##### Task inputs

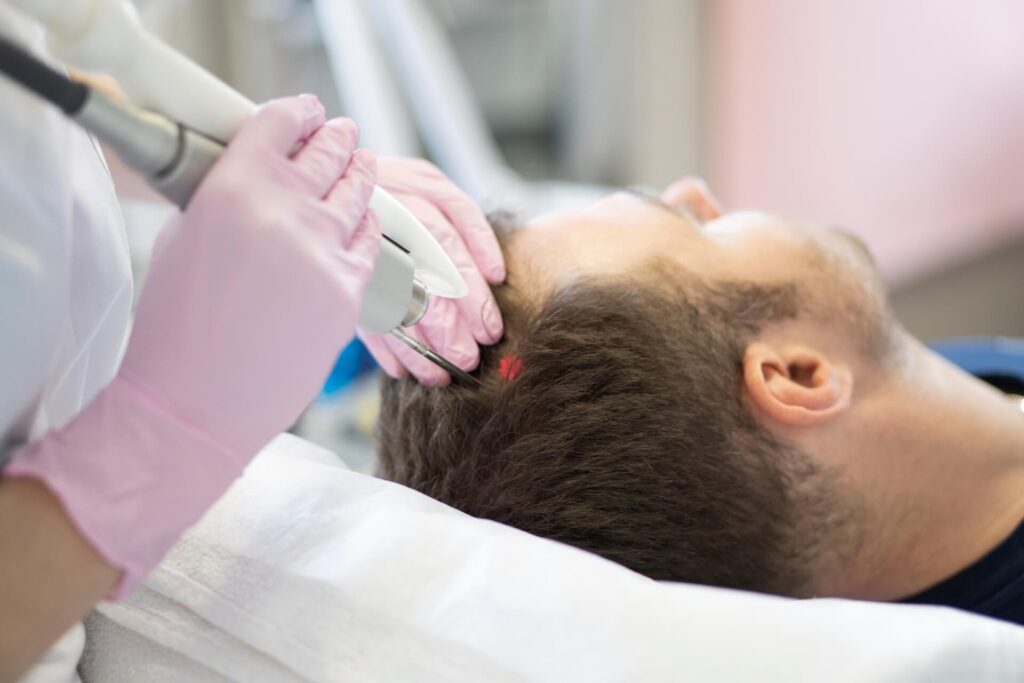 laser therapy for hair loss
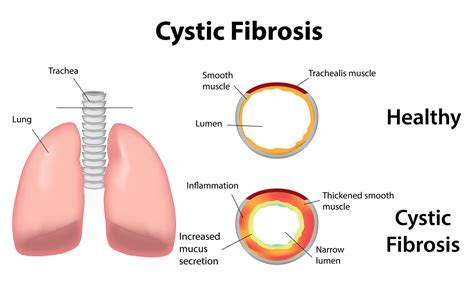 Unlocking The Benefits Increasing Protein Intake In Cystic Fibrosis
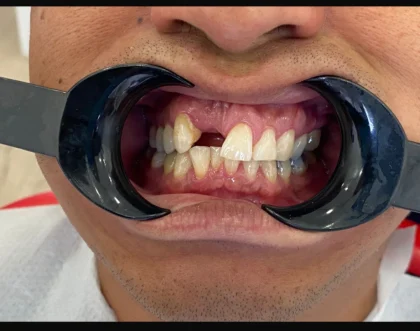 Zirve Dental Marmaris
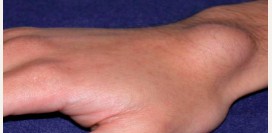 Гигрома. Причины, симптомы, виды, лечение и реабилитация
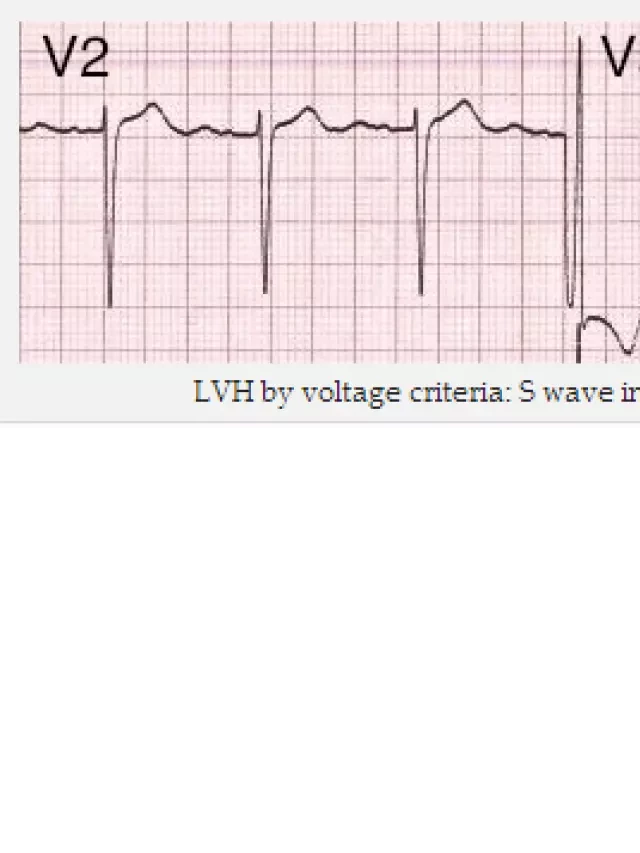   Điện tâm đồ chẩn đoán phì đại tâm thất trái (LVH): Tìm hiểu, chẩn đoán và nhận biết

##########

Leaving out every picture, copy exactly the lines from the one that contains "Гигрома. Причины, симптомы, виды, лечение" through the end of the entries above.

 Гигрома. Причины, симптомы, виды, лечение и реабилитация
   Điện tâm đồ chẩn đoán phì đại tâm thất trái (LVH): Tìm hiểu, chẩn đoán và nhận biết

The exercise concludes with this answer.